# Anti- sieze joint compound or way or machine oil to prevent chucks getting stuck



## ome (Oct 9, 2013)

Hi Guys,
was wondering  what would work better anti sieze joint compound or oil
thanks,
jon


----------



## rafe (Oct 9, 2013)

ome said:


> Hi Guys,
> was wondering  what would work better anti sieze joint compound or oil
> thanks,
> jon



When I got my lathe it was a challange to get the chuck off. The advice that worked for me ...and it is a conglomeration from a number of sources is.....Clean the threads on both spindle and chuck, use a light oil  and probably the most important gently tighten the chuck DON'T slam it on....when I use this procedure it comes back off by hand.....I tried anti-sieze early on and It may not have siezed but it stuck...


----------



## ome (Oct 9, 2013)

rafe said:


> When I got my lathe it was a challange to get the chuck off. The advice that worked for me ...and it is a conglomeration from a number of sources is.....Clean the threads on both spindle and chuck, use a light oil  and probably the most important gently tighten the chuck DON'T slam it on....when I use this procedure it comes back off by hand.....I tried anti-sieze early on and It may not have siezed but it stuck...


Thanks ,
do you think 10wt machine oil will work better than a 20 wt way oil?

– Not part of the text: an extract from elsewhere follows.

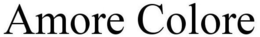 AMORE COLORE trademark
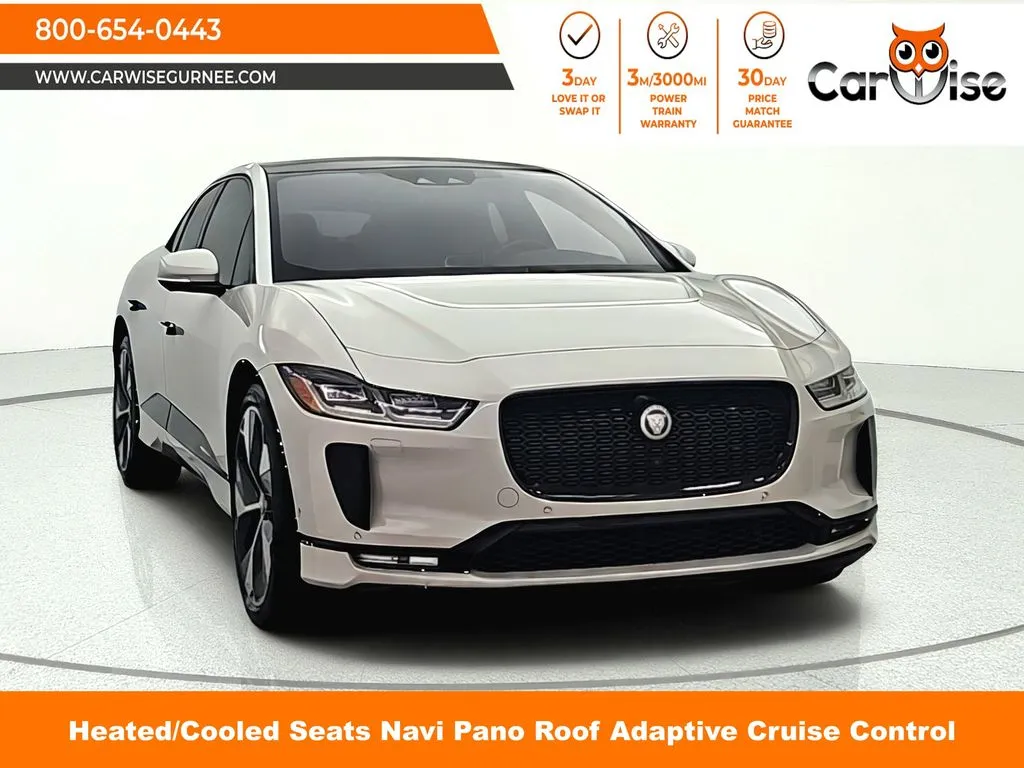 2020 Jaguar I-PACE HSE for sale in Gurnee, IL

and i probably did slam it too hard be ause someone on the forum suggested to hear a "clank" to know its all the way on. 
Thanks,

jon


----------



## itsme_Bernie (Oct 9, 2013)

Oh gosh!  A clank means it's probably stuck!  Hah hah

Anti seize will be quite a mess after a few times taking off and putting it on.  And it will leave the spindle a mess too.  I wouldn't do it.  

Make a thread cleaner out of a piece of 4, or 10, or 12 guage wire and run it through the threads of your chucks:




How do the threads on the spindle look?


Bernie


----------



## rafe (Oct 10, 2013)

ome said:


> Thanks ,
> do you think 10wt machine oil will work better than a 20 wt way oil?
> 
> 
> ...



I use the 10wt,   way oil might work too, 3 in 1 is ok....just snug it up no clang for me


----------



## zman (Oct 10, 2013)

For that sort of thing I like to use a good teflon spray dry lube. Goes on wet, dries quickly to a thin film that doesn't attract dust or dirt.


----------



## dirty tools (Oct 10, 2013)

anti-size has metal in it.
use oil it is lighter and does not make a mess.


----------



## ome (Oct 11, 2013)

itsme_Bernie said:


> Oh gosh!  A clank means it's probably stuck!  Hah hah
> 
> Anti seize will be quite a mess after a few times taking off and putting it on.  And it will leave the spindle a mess too.  I wouldn't do it.
> 
> ...


Thanks Bernie, after getting the chuck plate off i looked at the spindle and it looked real clean , no chips ,and the threads on the back plate are new..
What do you do with that cleaner, run at back gears slow.

Thanks,
Jon


----------